We always loved his work as a journalist — first as a longtime reporter for the Phoenix Gazette, then the Arizona Republic, where he did everything from cover D.C. to blow the coffin lid off the mortuary business in Phoenix — but we had to laugh when we heard, years ago, that Michael Murphy had left the paper for public relations.

Murphy's a lovable curmudgeon with a heart of gold — but the guy's a first-rate mumbler. That doesn't matter so much when you're the one asking the questions, but it can thwart your success when you're trying to make a point on TV or radio, on behalf of your employer. But Murphy's initial employer, the Arizona Department of Health Services, deserves some credit. Someone knew what they were doing. Murphy spoke up and spoke well on behalf of DHS for many years. We were sad to see him go this summer, because unlike a lot of flacks in this town, he takes his role seriously and always answered our requests in a timely and professional manner.

We wish him luck in his new gig as communications director for the Maricopa Integrated Health System. Now, that's a mouthful.

We've never had one word of complaint about Toni Maccarone. Throughout nine years as a public information officer for the Phoenix City Council, and then as the director of the city's public information office for the last seven years, Maccarone has been even-keeled, organized, and professional.

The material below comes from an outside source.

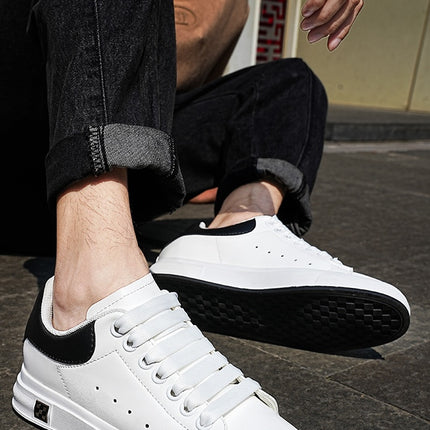 Herresneakers med Skjult 6 cm Løft – Tidløs Stil i Hvit eller Svart (Str. 37–46)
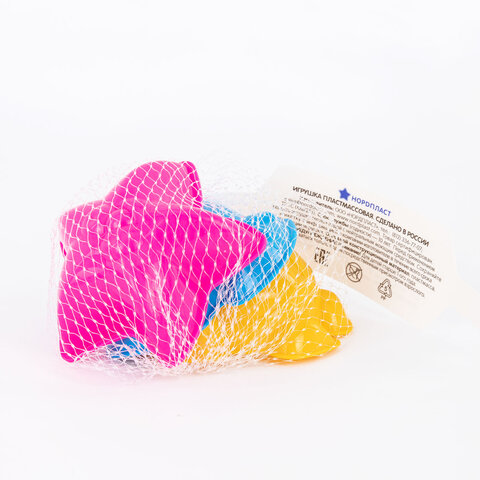 Формочки для песка "Морские", набор 3 шт., размер единицы 8x8x9 см, НОРДПЛАСТ, 29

In Phoenix, unlike other government entities we can think of, it never mattered that we'd recently written something nasty about city officials or that we were only sniffing around potentially embarrassing information and ignoring the "good" news: Maccarone made sure that the right records were provided — in a timely manner and without a touch of attitude — and that the proper officials were produced to take our questions, whether they liked it or not. So we were both happy for her and sorry for ourselves when we heard in September that she'd been promoted to serve as Phil Gordon's chief of staff. It couldn't happen to a nicer lady; we can only hope her yet-to-be-named replacement at the PIO is just as easy to work with.

We used to make fun of the Republic, constantly. It was so boring, so ridiculously provincial, so . . . mainstream. But this year, we have to admit, we stopped sneering and started worrying. The paper's parent company, Gannett, has been hemorrhaging money, and we've seen the results in a series of editorial cuts that have sent the paper's best staffers heading for the exits. For a while, it seemed like everybody was fleeing to jobs in public relations (Judy Nichols, Robbie Sherwood, Mark Shaffer, Chris Fiscus). Now the rest of them seem to be headed to the unemployment line. The paper's far-from-generous buyout package netted another 28 losses last month, and among the casualties were some of our favorite people: Chuck Kelly, who led the Republic's Don Bolles investigation and was known as a great wordsmith and all-around nice guy. Norm Frauenheim, considered one of the country's top boxing writers. Richard DeUriarte, an avuncular presence who moderated political debates all over the Valley and used to be the paper's Public Advocate. We have to admit, had we known they were going, we might have appreciated the Republic a little more while they were there. The paper simply won't be the same without them — and for once, we mean that in a completely non-snarky, non-sneering way.